▼
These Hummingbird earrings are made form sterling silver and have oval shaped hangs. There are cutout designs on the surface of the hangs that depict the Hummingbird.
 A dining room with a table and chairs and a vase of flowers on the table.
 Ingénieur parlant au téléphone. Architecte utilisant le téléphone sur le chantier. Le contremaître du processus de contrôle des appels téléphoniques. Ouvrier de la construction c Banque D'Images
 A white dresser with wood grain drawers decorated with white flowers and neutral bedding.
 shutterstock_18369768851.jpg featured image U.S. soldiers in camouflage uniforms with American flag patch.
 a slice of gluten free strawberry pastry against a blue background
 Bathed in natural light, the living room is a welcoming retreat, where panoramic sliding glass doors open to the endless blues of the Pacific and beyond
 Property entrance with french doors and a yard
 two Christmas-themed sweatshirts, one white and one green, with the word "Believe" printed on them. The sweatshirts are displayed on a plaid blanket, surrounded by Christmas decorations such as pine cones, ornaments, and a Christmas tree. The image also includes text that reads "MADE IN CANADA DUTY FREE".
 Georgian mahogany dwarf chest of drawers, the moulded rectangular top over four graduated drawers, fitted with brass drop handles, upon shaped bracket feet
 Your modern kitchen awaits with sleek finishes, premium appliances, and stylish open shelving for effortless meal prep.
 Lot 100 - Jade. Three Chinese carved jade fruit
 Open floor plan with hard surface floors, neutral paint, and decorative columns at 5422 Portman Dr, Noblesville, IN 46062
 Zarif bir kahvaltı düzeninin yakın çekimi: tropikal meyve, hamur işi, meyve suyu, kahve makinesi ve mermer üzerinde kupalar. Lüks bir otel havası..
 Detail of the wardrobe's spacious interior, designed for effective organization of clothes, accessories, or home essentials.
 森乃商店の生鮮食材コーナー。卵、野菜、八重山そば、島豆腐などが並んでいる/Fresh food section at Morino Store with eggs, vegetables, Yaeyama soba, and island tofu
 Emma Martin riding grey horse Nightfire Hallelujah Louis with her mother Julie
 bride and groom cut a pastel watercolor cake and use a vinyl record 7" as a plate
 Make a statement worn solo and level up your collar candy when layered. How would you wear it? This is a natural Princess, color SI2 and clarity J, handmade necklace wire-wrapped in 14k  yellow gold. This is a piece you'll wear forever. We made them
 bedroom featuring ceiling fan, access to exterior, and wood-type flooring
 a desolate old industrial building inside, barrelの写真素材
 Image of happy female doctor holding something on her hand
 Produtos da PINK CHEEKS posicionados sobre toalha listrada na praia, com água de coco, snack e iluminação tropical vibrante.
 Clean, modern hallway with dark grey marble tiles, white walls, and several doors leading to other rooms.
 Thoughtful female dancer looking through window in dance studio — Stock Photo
▲
- **Activity**
Your output must be the lines of the material above, from the first through the line that contains "A dining room", copied exactly. Include both endpoints and nothing else.

- **Answer box**
These Hummingbird earrings are made form sterling silver and have oval shaped hangs. There are cutout designs on the surface of the hangs that depict the Hummingbird.
 A dining room with a table and chairs and a vase of flowers on the table.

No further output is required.